Brief: Return the entries below precisely, omitting nothing.
──────── Exercise input
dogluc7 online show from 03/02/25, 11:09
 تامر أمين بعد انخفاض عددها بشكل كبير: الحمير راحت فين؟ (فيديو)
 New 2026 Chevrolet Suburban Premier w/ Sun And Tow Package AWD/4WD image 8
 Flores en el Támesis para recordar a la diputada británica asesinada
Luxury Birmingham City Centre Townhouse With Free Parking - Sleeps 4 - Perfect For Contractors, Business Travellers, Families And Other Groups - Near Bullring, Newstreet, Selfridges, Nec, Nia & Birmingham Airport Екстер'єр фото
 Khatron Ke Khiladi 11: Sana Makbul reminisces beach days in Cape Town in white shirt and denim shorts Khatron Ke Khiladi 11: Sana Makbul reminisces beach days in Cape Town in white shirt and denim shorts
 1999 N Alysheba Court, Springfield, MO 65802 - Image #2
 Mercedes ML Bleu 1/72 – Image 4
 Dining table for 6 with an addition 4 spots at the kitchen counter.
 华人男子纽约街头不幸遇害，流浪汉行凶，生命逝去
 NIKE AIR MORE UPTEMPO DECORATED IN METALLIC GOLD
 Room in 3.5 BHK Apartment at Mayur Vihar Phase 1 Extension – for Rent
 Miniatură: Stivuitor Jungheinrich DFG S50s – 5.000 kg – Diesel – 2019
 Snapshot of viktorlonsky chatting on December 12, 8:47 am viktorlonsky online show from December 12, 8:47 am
────────────────
Solved problem:
dogluc7 online show from 03/02/25, 11:09
 تامر أمين بعد انخفاض عددها بشكل كبير: الحمير راحت فين؟ (فيديو)
 New 2026 Chevrolet Suburban Premier w/ Sun And Tow Package AWD/4WD image 8
 Flores en el Támesis para recordar a la diputada británica asesinada
Luxury Birmingham City Centre Townhouse With Free Parking - Sleeps 4 - Perfect For Contractors, Business Travellers, Families And Other Groups - Near Bullring, Newstreet, Selfridges, Nec, Nia & Birmingham Airport Екстер'єр фото
 Khatron Ke Khiladi 11: Sana Makbul reminisces beach days in Cape Town in white shirt and denim shorts Khatron Ke Khiladi 11: Sana Makbul reminisces beach days in Cape Town in white shirt and denim shorts
 1999 N Alysheba Court, Springfield, MO 65802 - Image #2
 Mercedes ML Bleu 1/72 – Image 4
 Dining table for 6 with an addition 4 spots at the kitchen counter.
 华人男子纽约街头不幸遇害，流浪汉行凶，生命逝去
 NIKE AIR MORE UPTEMPO DECORATED IN METALLIC GOLD
 Room in 3.5 BHK Apartment at Mayur Vihar Phase 1 Extension – for Rent
 Miniatură: Stivuitor Jungheinrich DFG S50s – 5.000 kg – Diesel – 2019
 Snapshot of viktorlonsky chatting on December 12, 8:47 am viktorlonsky online show from December 12, 8:47 am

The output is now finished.